A report Tuesday in a Saudi paper said Jordan reiterated its opposition to the plan, and that Jordan's King Abdullah II has communicated his stance to PA chief Mahmoud Abbas several times – to no avail, as Abbas continues to ignore Abdullah's stance on the matter, much to the latter's frustration, the report said.
Jordan contends that if the UN approves the establishment of a PA state before negotiations with Israel are complete, the descendants of Arabs who fled Israel when the state was established in 1948 will lose any chance they have to return to their family's previous homes, or receive compensation.
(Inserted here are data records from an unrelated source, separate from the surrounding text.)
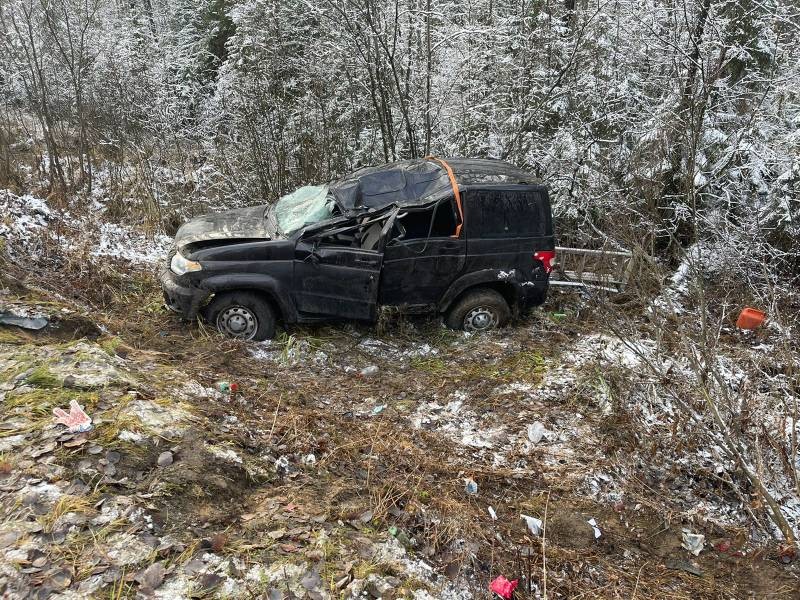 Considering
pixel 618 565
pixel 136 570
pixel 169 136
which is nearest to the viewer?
pixel 136 570

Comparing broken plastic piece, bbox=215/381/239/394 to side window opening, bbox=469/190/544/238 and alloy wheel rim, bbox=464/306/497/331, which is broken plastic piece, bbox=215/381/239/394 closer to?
alloy wheel rim, bbox=464/306/497/331

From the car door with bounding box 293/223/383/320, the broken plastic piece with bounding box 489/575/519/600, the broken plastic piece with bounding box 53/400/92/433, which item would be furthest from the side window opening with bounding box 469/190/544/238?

“The refugees are the only ones who will suffer,” Abdullah stressed to Abbas in a recent message, conveyed through diplomats of another Arab country.
Israel will refuse to negotiate on their status, claiming the PA broke the Oslo agreements, and that Israel is not under any obligation to negotiate the issue any further with the PA, Abdullah was quoted as teling Abbas in the report.
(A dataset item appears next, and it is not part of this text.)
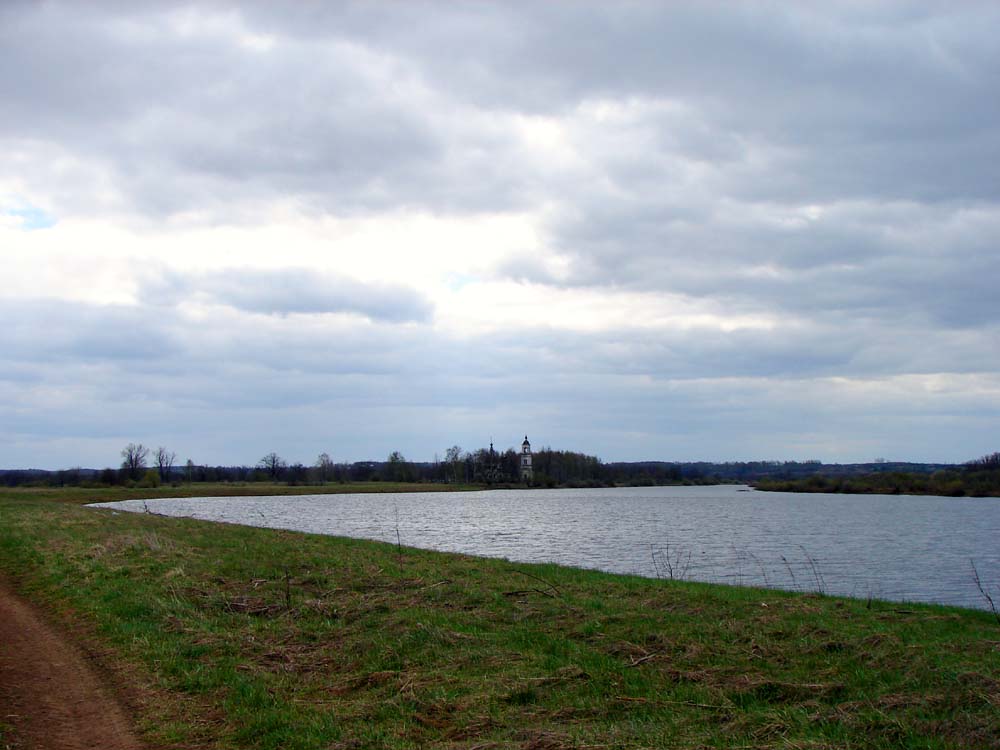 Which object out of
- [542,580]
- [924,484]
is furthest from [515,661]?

“The refugee issue is the most important one, and they will lose all their rights if the PA declares a state,” Abdullah reportedly said in the message.
In an interview with Israel Radio, Deputy Prime Minister Moshe Ya'alon said that Jordan was not the only Arab country opposed to the PA's plan. “In the coming weeks I am sure we will hear about other leaders criticizing the PA,” he said. “The only way to move forward is for both sides to return to the negotiating table.”
Approximately two thirds of Jordan's population is Palestinians, outnumbering the Bedouin who make up the rest of the country and the Hashemite ruling family. The Palestinians attempted to take over Jordan in 1970, in what is known as Black September, but the monarchy dealt with them with an iron hand.
There are many voices that call for the Palestinian State to be the Hashemite Kingdom of Jordan, which may be the reason Abdullah is afraid to lose the opportunity to rid Jordan of restless Palestinian "refugees" who might decide to overthrow him.